Suppression of Phosphorous Out-Diffusion in PH3 Plasma Immersion Ion-Implanted Germanium Epilayer Grown on Silicon (100) Substrate through SiOx Capping Layer

The PH3 plasma immersion ion implantation (PIII) process was used to introduce phosphorus (P) atoms in a germanium (Ge) film epitaxially grown on a silicon (Si) (100) substrate. A SiOx capping layer was formed on the implanted Ge epilayer, followed by activation annealing at 500-800 degrees C under flowing N-2 atmosphere. The out-diffusion behavior of the implanted P atoms in the SiOx-capped Ge epilayer was investigated as a function of activation annealing temperature and was compared with the out-diffusion behavior of an uncapped Ge epilayer.
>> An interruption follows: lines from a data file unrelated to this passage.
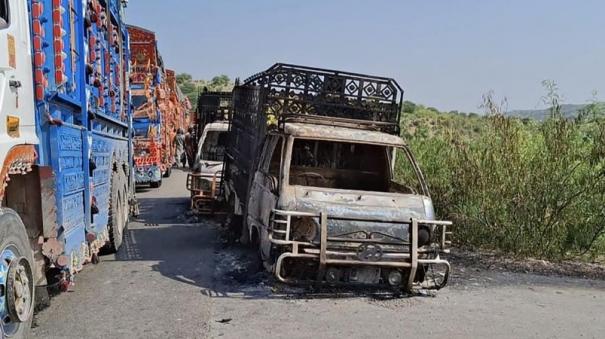 23-killed-in-pakistan-bus-attack-gunmen-identified-passengers-shot-them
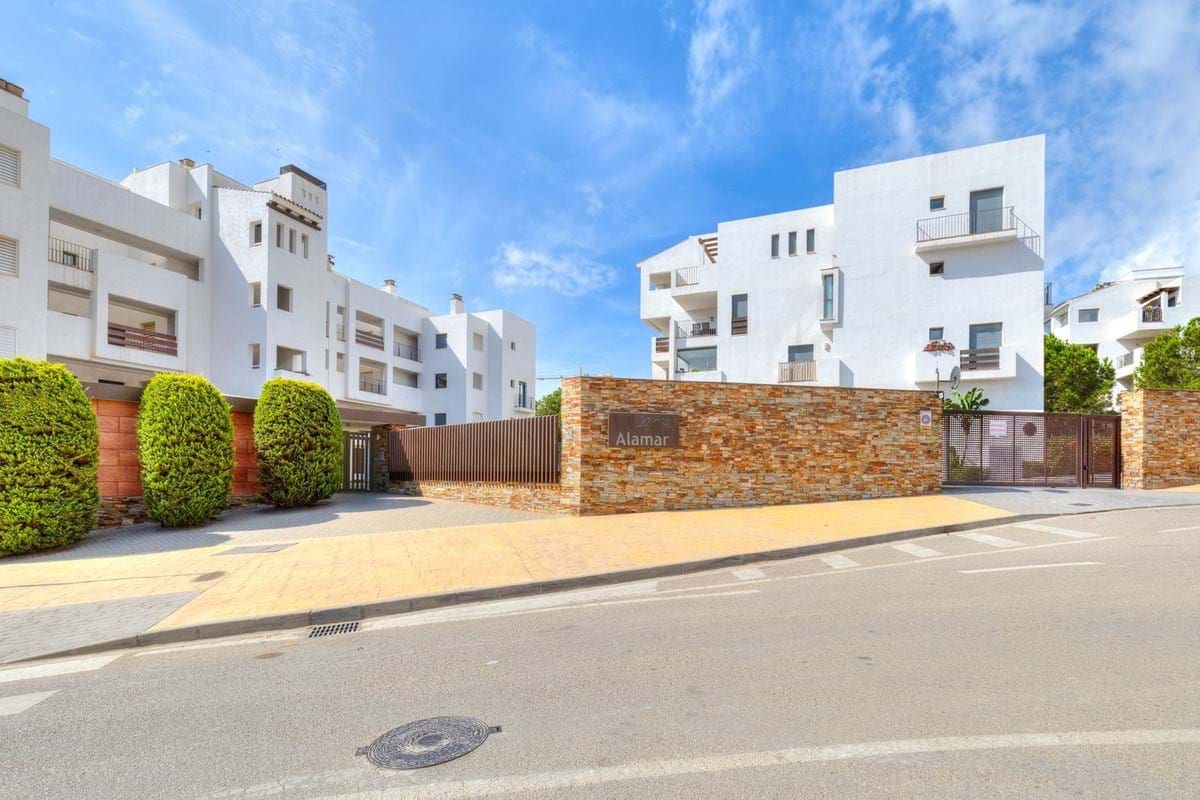 2 bedroom Apartment for sale in Mijas with pool garage - € 365,000 (Ref: 9322385)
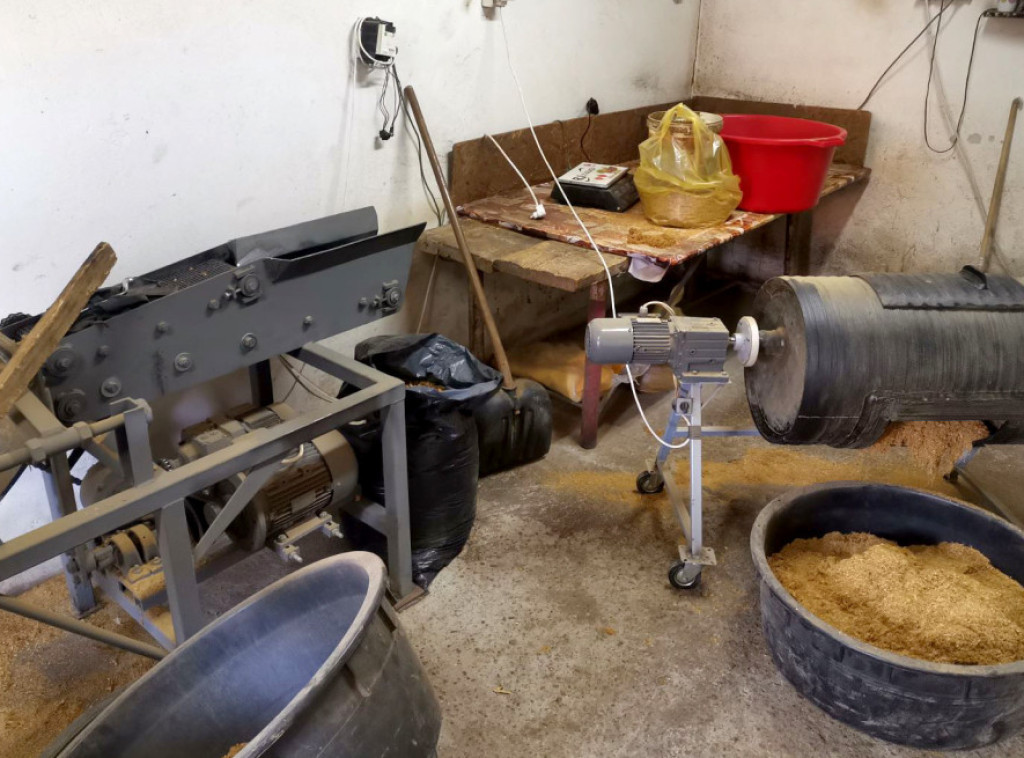 Policija u Staroj Pazovi pronašla 266 kilograma rezanog i osušenog duvana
The PIII process introduced damage near the Ge surface with the formation of a thin amorphous Ge layer whose thickness was comparable to the projected range calculated from simulation. Irrespective of the SiOx capping layer, the sheet resistance decreased with increasing annealing temperature, which could be attributed in part to the recovery of the implantation damage and to dopant activation. The SiOx capping layer was effective in suppressing the out-diffusion of implanted P atoms into the Ge epilayer, resulting in insignificant dopant loss during activation annealing. This allows that the SiOx-capped samples showed lower sheet resistance than the uncapped ones over the whole temperature range. The increase in annealing temperature resulted in reducing the number of implantation-induced defects and misfit dislocation of the Ge epilayer grown on Si, leading to improved structural properties. Furthermore, annealing at 800 degrees C facilitated softening and reflow of the implanted Ge epilayer, which could be responsible for the remarkable improvement of surface roughening caused by the PIII process.